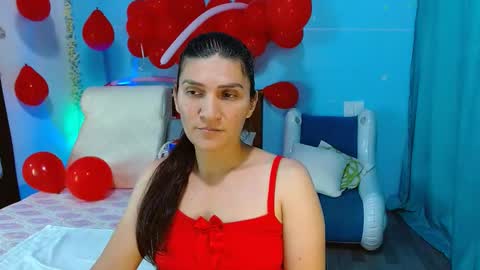 Catalina online show from February 18, 2:05 am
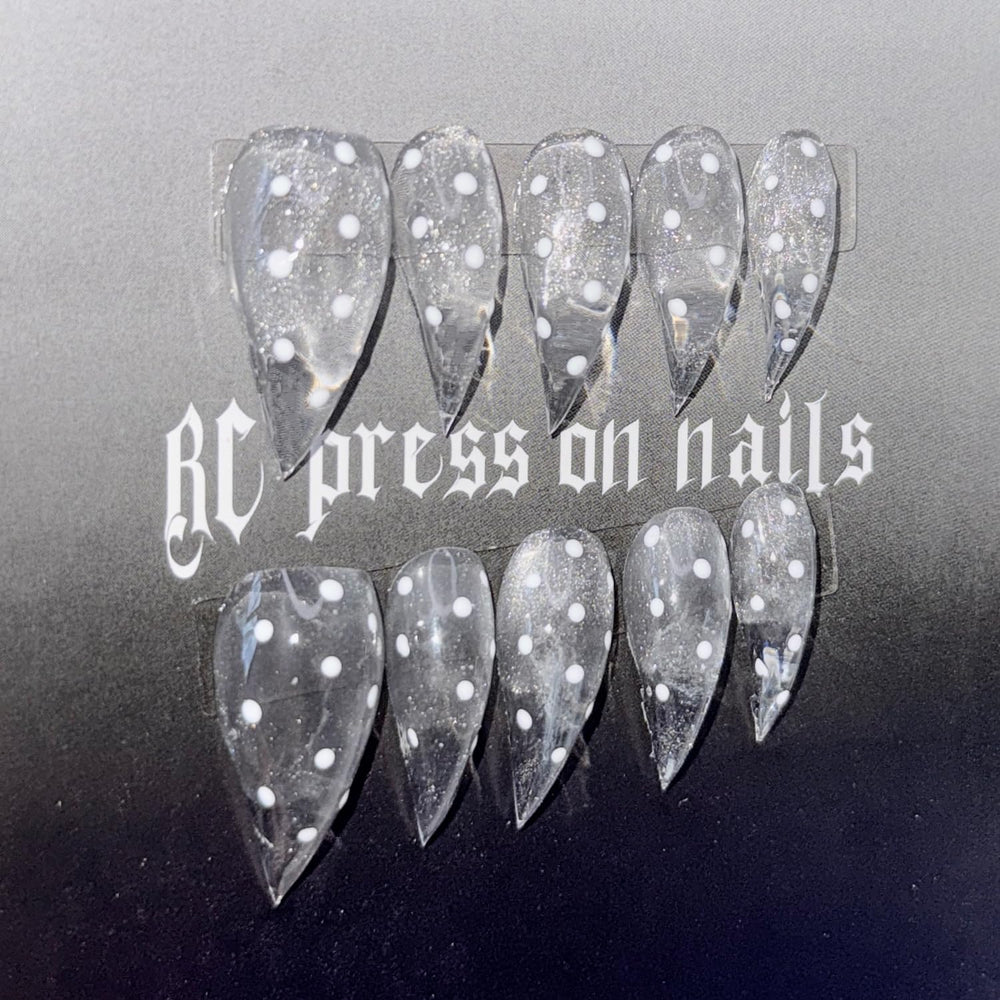 RIICFDD glue-kit enables quick, secure nail applications.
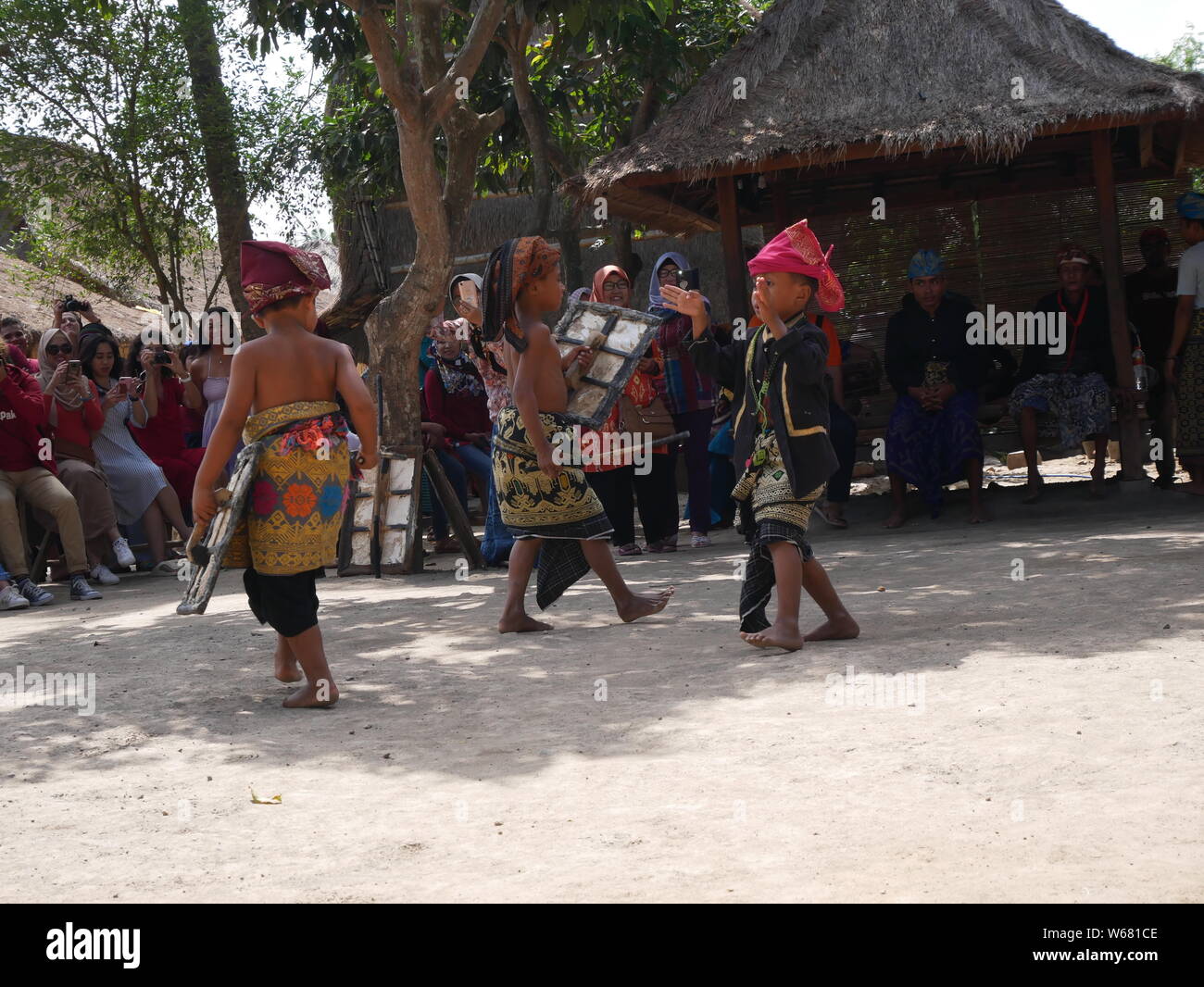 29,2018 luglio - Sade, Lombok/Indonesia: I bambini ballano peresean al villaggio di Sade, Lombok-Indonesia. Peresean è una tradizione di lotta tra due uomini. Foto Stock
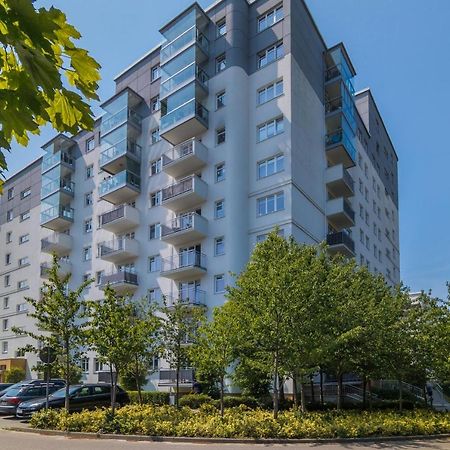 Modern Gdynia Apartment With Balcony & Parking By Noclegi Renters Екстериор снимка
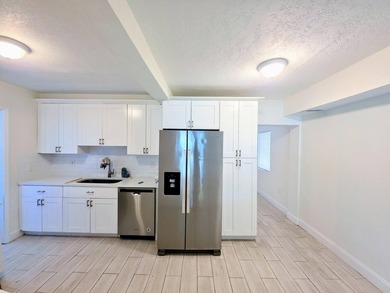 Welcome to this charming 3/2 detached residence in the Progresso - photo 4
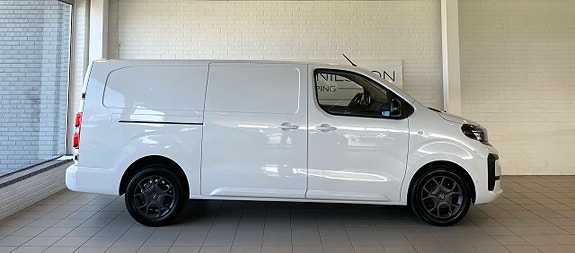 Opel Vivaro 2 of 5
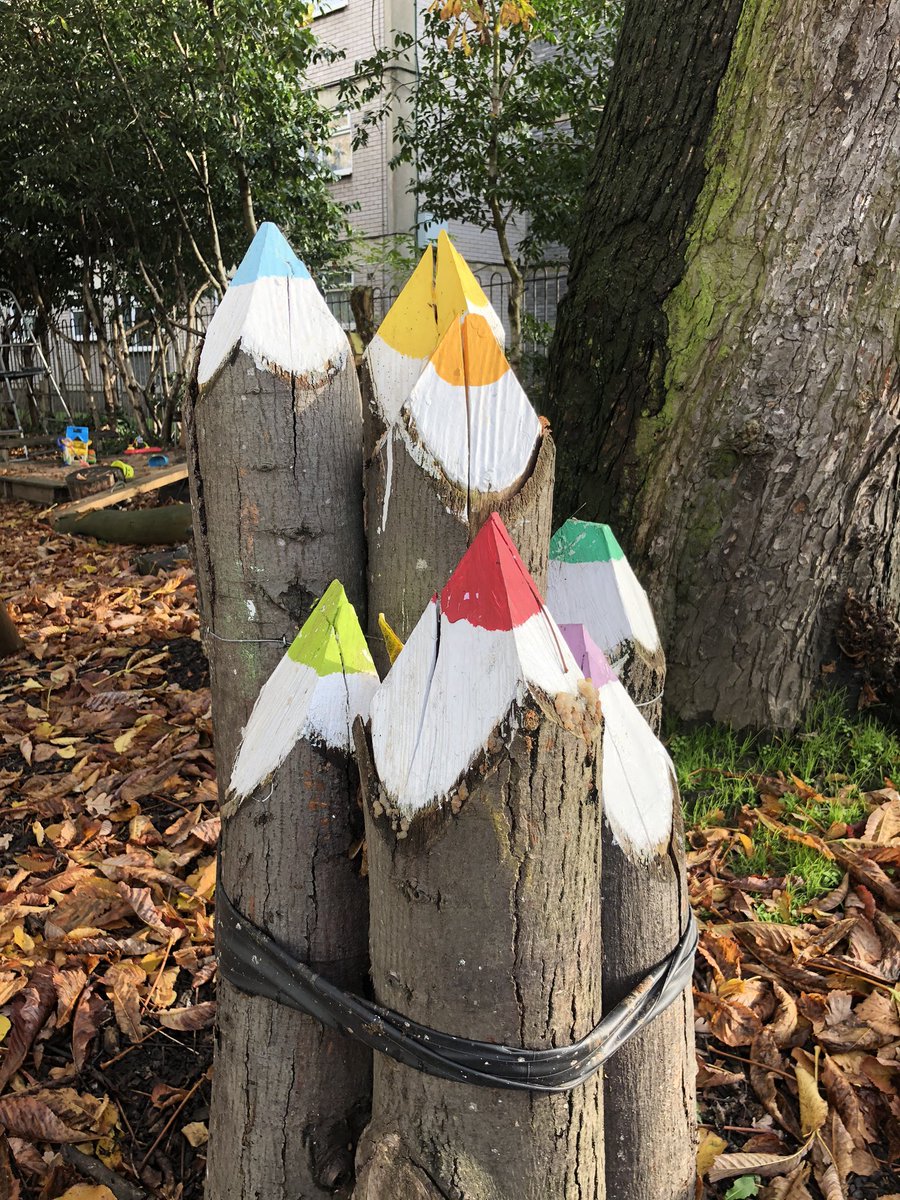 saullockwood's tweet image. Not sure who thought that sharpening up the branches was a good idea in a children park??!! 🤔 #potentialDEATHtrap 💀 #Brixton #pencilpark #whatplanetareyouon #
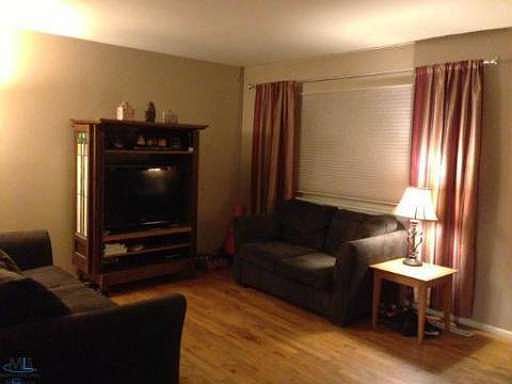 2nd image of 26684 Collingwood St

- - - -

Every line of the data above is to be repeated exactly; the images are to be left out.

__EXERCISE SOLUTION__.
 Catalina online show from February 18, 2:05 am
 RIICFDD glue-kit enables quick, secure nail applications.
 29,2018 luglio - Sade, Lombok/Indonesia: I bambini ballano peresean al villaggio di Sade, Lombok-Indonesia. Peresean è una tradizione di lotta tra due uomini. Foto Stock
 Modern Gdynia Apartment With Balcony & Parking By Noclegi Renters Екстериор снимка
 Welcome to this charming 3/2 detached residence in the Progresso - photo 4
 Opel Vivaro 2 of 5
 saullockwood's tweet image. Not sure who thought that sharpening up the branches was a good idea in a children park??!! 🤔 #potentialDEATHtrap 💀 #Brixton #pencilpark #whatplanetareyouon #
 2nd image of 26684 Collingwood St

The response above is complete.